3727. Find the Count of Good Integers
Intuition
- For a palindromic number, we only need to determine the first half of digits, as the second half is a mirror
- We need to handle odd and even length numbers differently
- We need to avoid counting duplicates when different digit combinations result in the same frequency pattern
- Leading zeros should be excluded from the count
Approach
- Generate palindromic numbers by:
- Only generating the first half (up to breakPoint)

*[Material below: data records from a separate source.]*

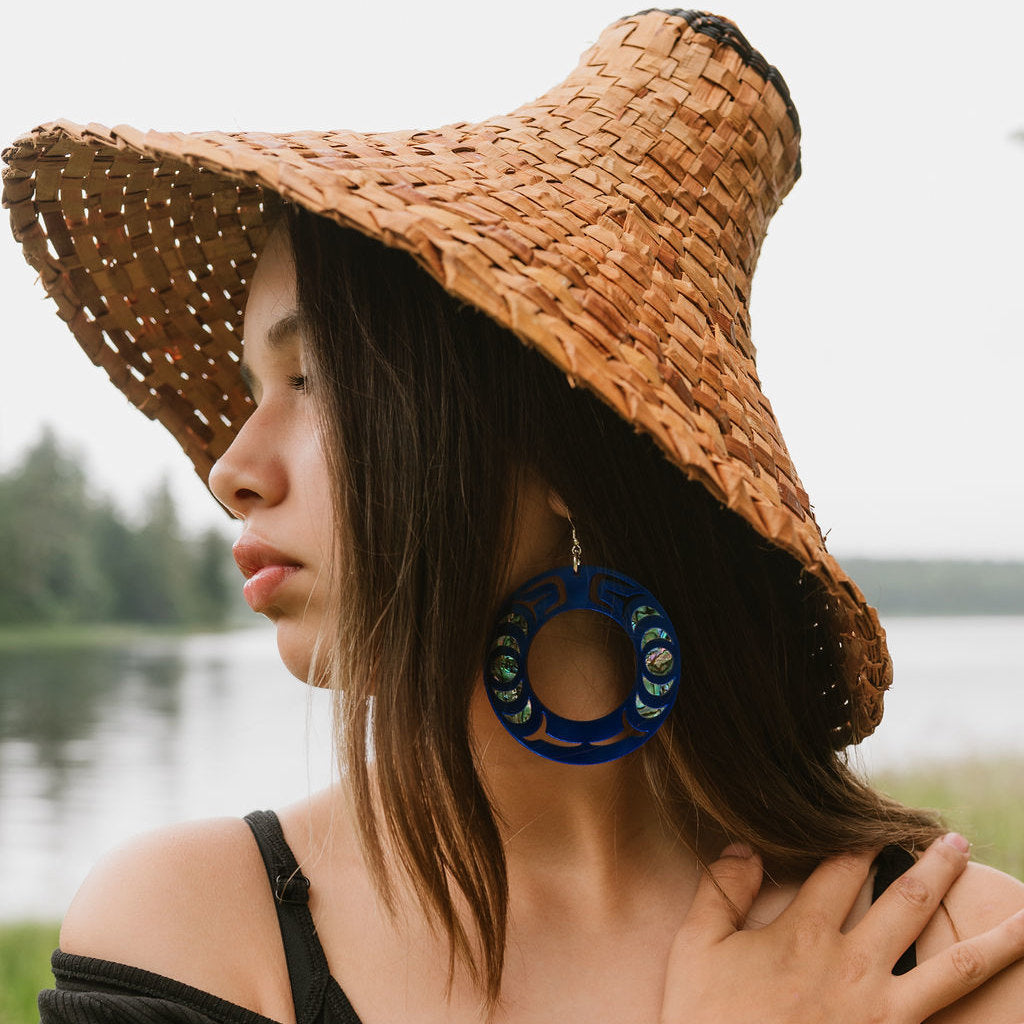 Woman wearing a cedar hat and Copper Canoe Woman cobalt mirror acrylic Nala Hoop earrings in profile by a lake.
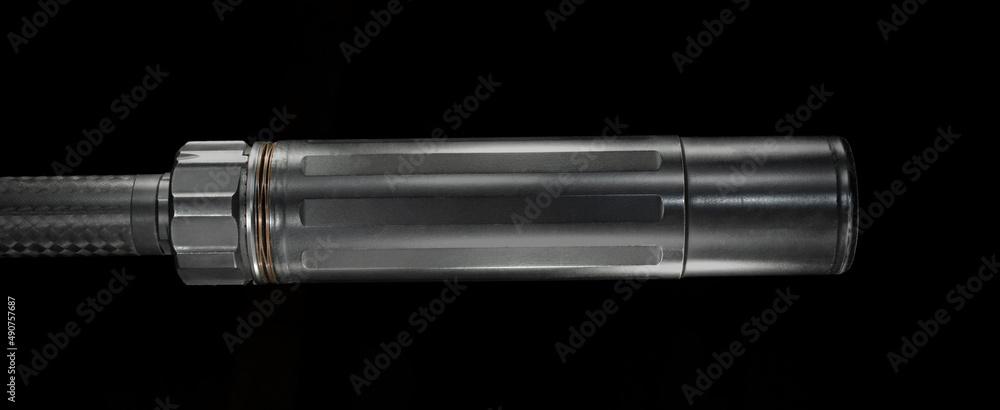 Side view of a silencer on black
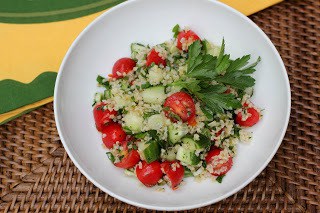 Overhead view of tabbouleh recipe in a white bowl garnished with parsley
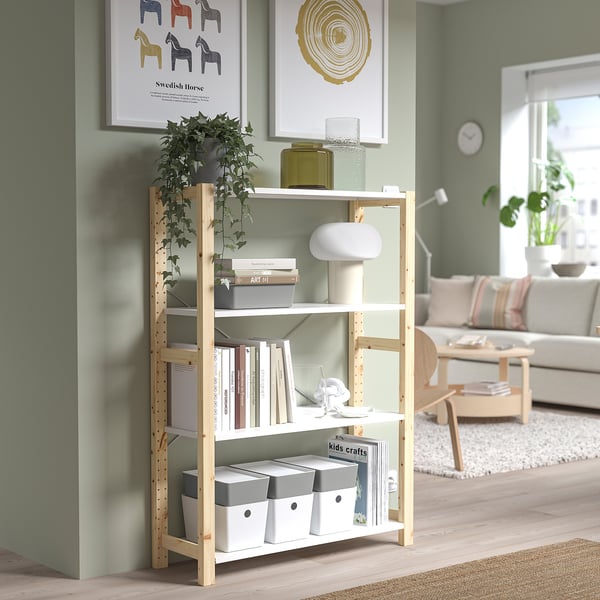 Light wooden bookshelf with white shelves, holding plant, books, and boxes. Situated in a cozy living room with green walls and natural light.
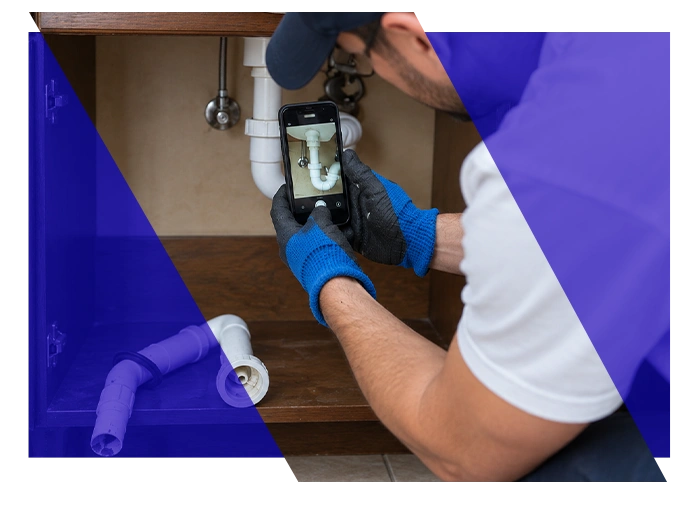 Plumbing technician photographing pipes under a sink with a smartphone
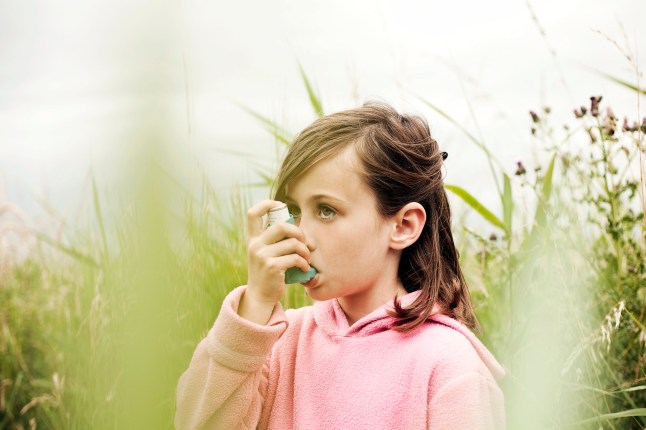 Girl (5-7) using asthma inhaler, Southwold, Suffolk, United Kingdom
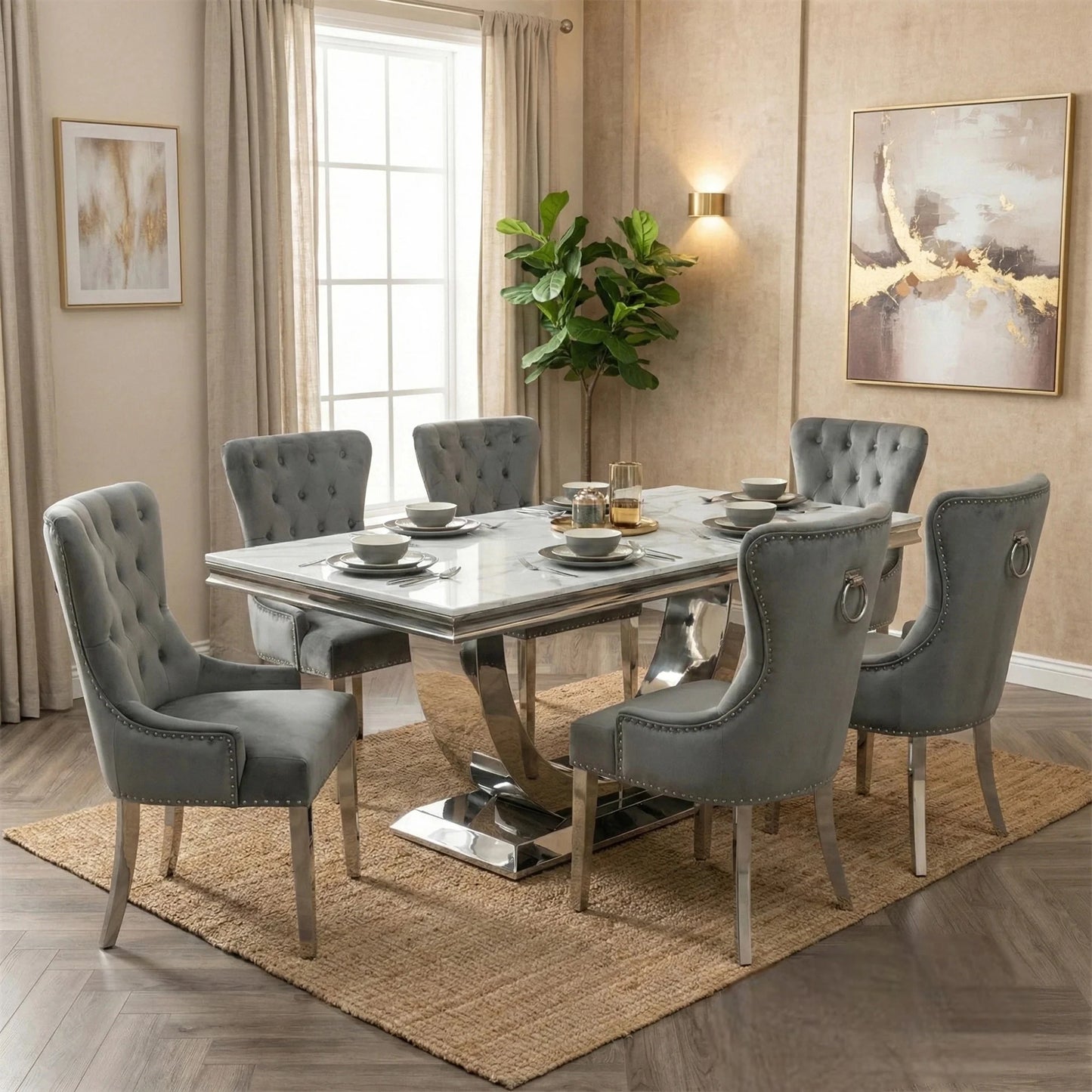 Dining room with a marble table and gray chairs, featuring a rug and wall art.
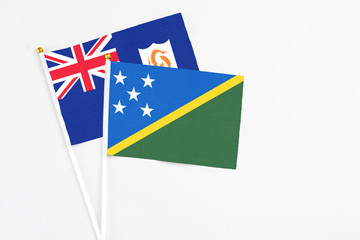 Solomon Islands and Anguilla stick flags on white background. High quality fabric, miniature national flag. Peaceful global concept.White floor for copy space.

- Mirroring the digits for the second half
- For odd length numbers, the middle digit is counted once
- Use a frequency array to track digit counts and avoid duplicates:
- Store the frequency of each digit (0-9) in a [10]int array
- Use this as a key in a map to avoid counting duplicate patterns
- Calculate permutations for each valid pattern:
- Use factorial to compute total possible arrangements
- Account for repeated digits by dividing by their factorials
- Handle leading zeros by subtracting invalid cases
- Recursively generate all possible first halves and check:
- If the resulting palindrome is divisible by k
- If we've seen this digit frequency pattern before
Complexity
- Time complexity: O(10^(n/2) * n)
- Space complexity: O(n)
Keywords
- Palindrome
- Combinatorics
- Recursion
- Permutation
- Factorial
Code
func countGoodIntegers(n int, k int) int64 {
cnt := int64(0)
number, record, breakPoint, fac := make([]rune, n), make(map[[10]int]bool), 0, make(map[int]int)
switch n & 1 == 1 {
case true:
breakPoint = n / 2
case false:
breakPoint = n / 2 - 1
}
fac[0] = 1
for i := 1; i <= n; i += 1 {
fac[i] = fac[i - 1] * i
}
getPalindromic := func(cur []rune) [10]int {
ret := [10]int{}
for i := 0; i <= breakPoint; i += 1 {
cur[len(cur) - 1 - i] = cur[i]
ret[cur[i] - '0'] += 2
}
if n & 1 == 1 {
ret[cur[breakPoint] - '0'] -= 1
}
return ret
}
countPermutations := func(rec [10]int) int {
total := fac[n]
for _, ii := range rec {
total /= fac[ii]
}
if rec[0] != 0 {
total -= ((total * fac[rec[0]] / n) / fac[rec[0] - 1])
}
return total
}
var recur func(cur []rune, i int, nextN rune)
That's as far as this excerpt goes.